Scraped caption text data
━━━━

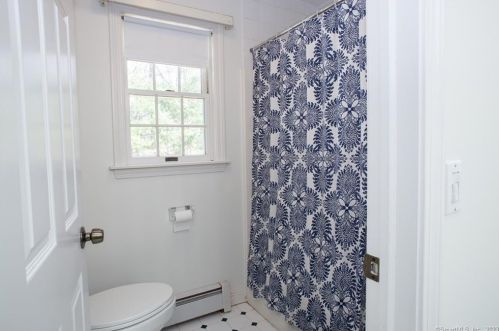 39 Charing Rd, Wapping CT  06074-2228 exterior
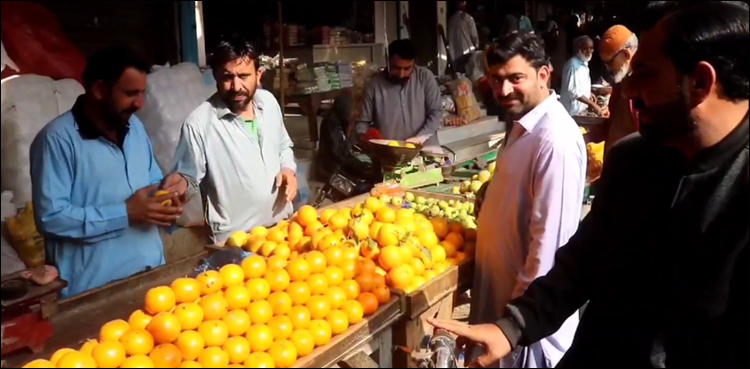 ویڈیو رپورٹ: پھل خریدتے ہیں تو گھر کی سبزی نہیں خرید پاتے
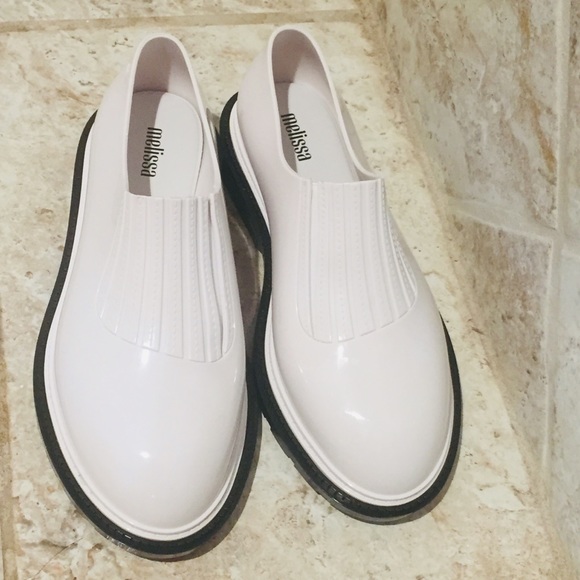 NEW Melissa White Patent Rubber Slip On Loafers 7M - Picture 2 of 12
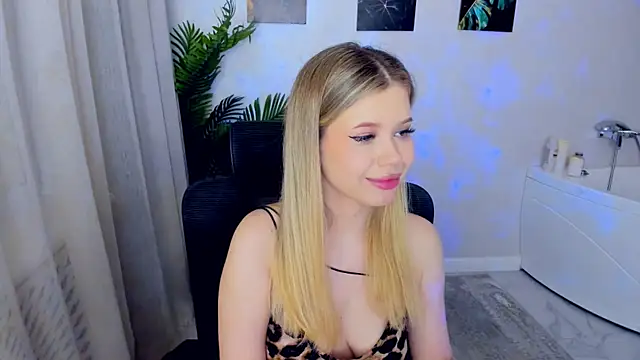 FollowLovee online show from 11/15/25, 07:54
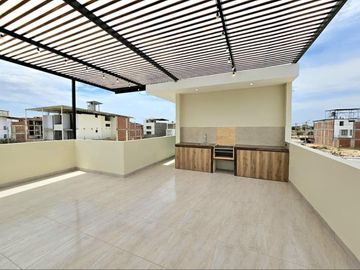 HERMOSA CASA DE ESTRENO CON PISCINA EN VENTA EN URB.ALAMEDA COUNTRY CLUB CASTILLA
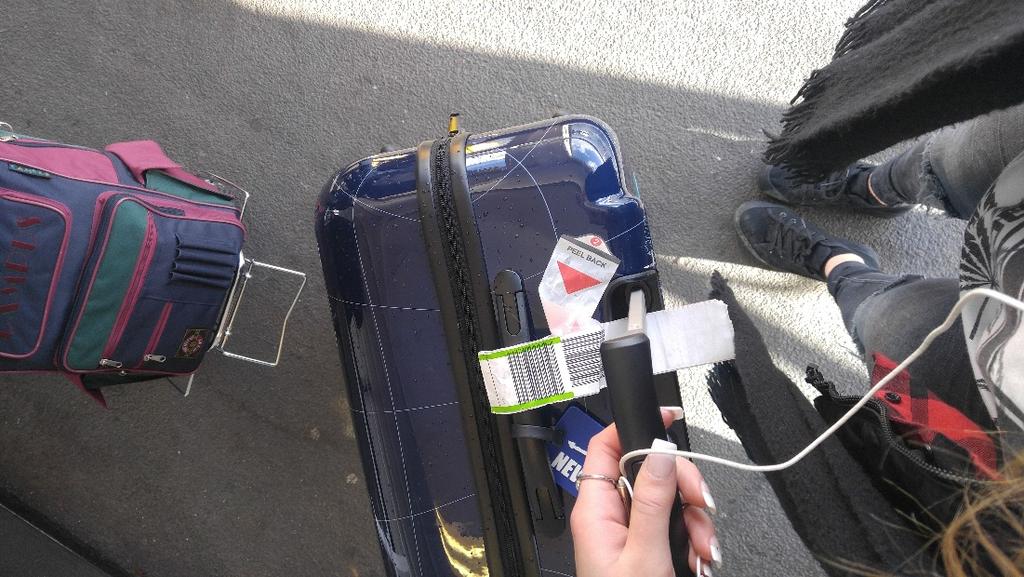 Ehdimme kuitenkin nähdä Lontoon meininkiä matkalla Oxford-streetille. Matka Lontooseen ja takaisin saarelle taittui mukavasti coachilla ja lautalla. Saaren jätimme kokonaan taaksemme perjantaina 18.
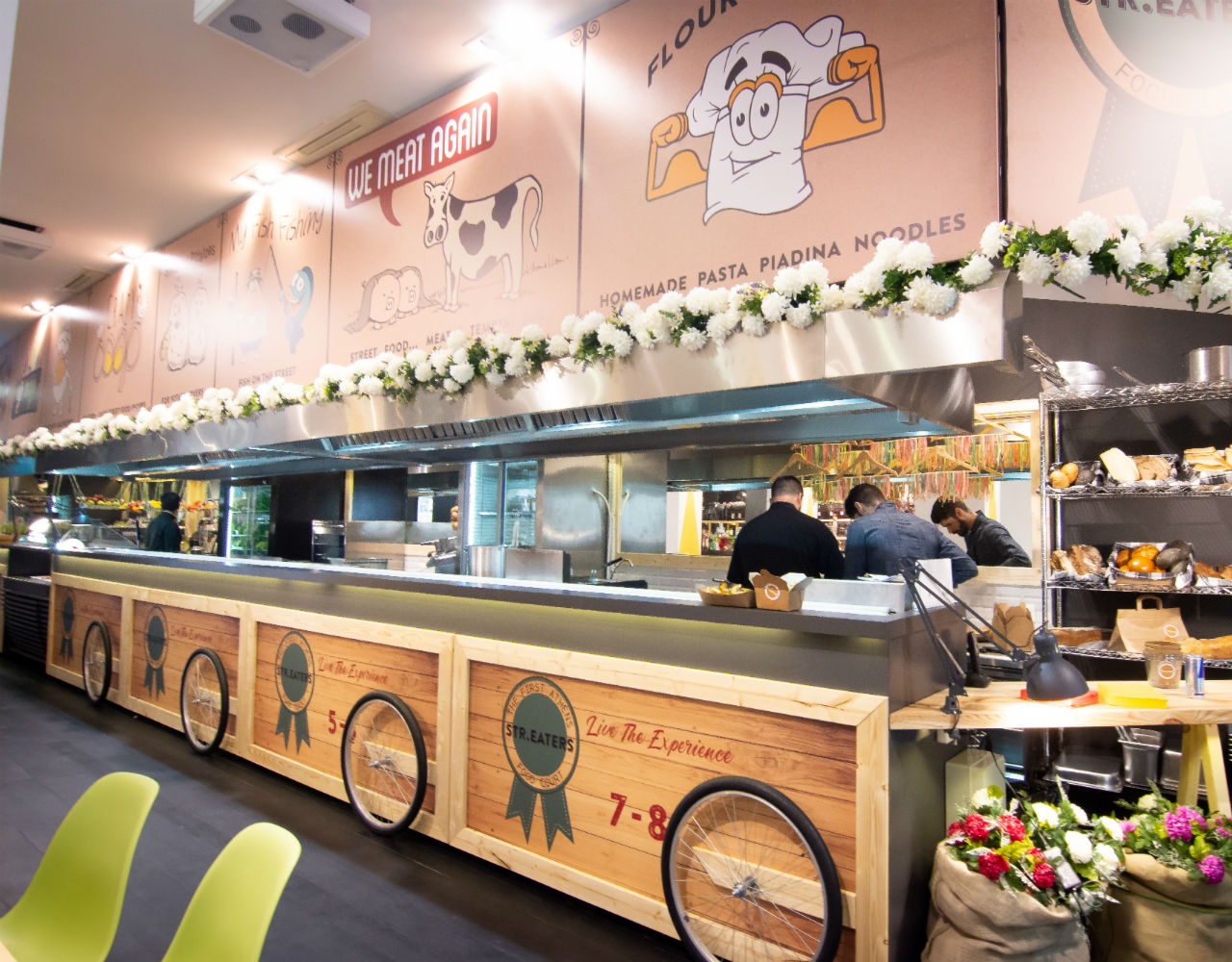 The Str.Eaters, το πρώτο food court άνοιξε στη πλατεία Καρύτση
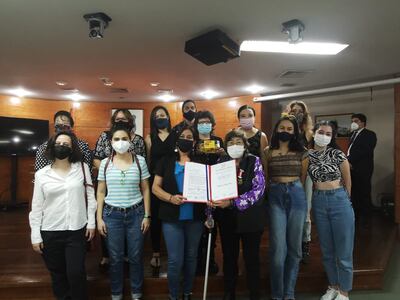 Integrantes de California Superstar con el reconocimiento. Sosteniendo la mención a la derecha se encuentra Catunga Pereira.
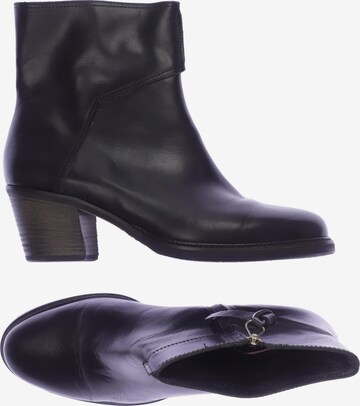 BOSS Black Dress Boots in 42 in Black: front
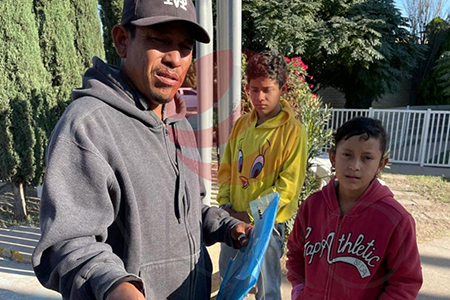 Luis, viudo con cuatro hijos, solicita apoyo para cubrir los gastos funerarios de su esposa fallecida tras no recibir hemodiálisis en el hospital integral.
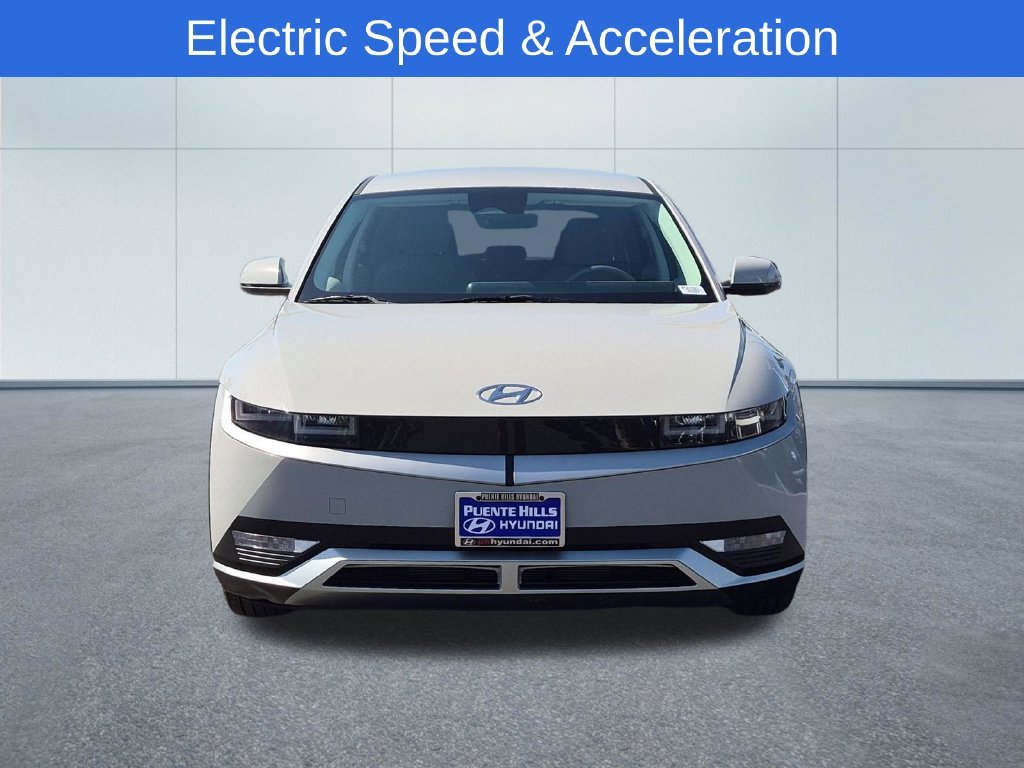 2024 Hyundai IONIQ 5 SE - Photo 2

━━━━

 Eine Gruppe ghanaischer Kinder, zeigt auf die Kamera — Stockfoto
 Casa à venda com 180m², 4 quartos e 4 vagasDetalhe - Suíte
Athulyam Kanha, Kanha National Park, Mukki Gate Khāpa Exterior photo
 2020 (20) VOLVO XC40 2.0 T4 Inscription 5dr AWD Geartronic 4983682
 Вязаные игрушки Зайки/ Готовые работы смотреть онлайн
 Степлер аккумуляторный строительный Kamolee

━━━━

TASK REQUIREMENTS: Given the records above, return the lines starting at the one that holds "39 Charing Rd, Wapping" and ending at the one that holds "The Str.Eaters, το", exactly, and nothing besides; leave every picture out.

EXERCISE SOLUTION:
 39 Charing Rd, Wapping CT  06074-2228 exterior
 ویڈیو رپورٹ: پھل خریدتے ہیں تو گھر کی سبزی نہیں خرید پاتے
 NEW Melissa White Patent Rubber Slip On Loafers 7M - Picture 2 of 12
 FollowLovee online show from 11/15/25, 07:54
 HERMOSA CASA DE ESTRENO CON PISCINA EN VENTA EN URB.ALAMEDA COUNTRY CLUB CASTILLA
 Ehdimme kuitenkin nähdä Lontoon meininkiä matkalla Oxford-streetille. Matka Lontooseen ja takaisin saarelle taittui mukavasti coachilla ja lautalla. Saaren jätimme kokonaan taaksemme perjantaina 18.
 The Str.Eaters, το πρώτο food court άνοιξε στη πλατεία Καρύτση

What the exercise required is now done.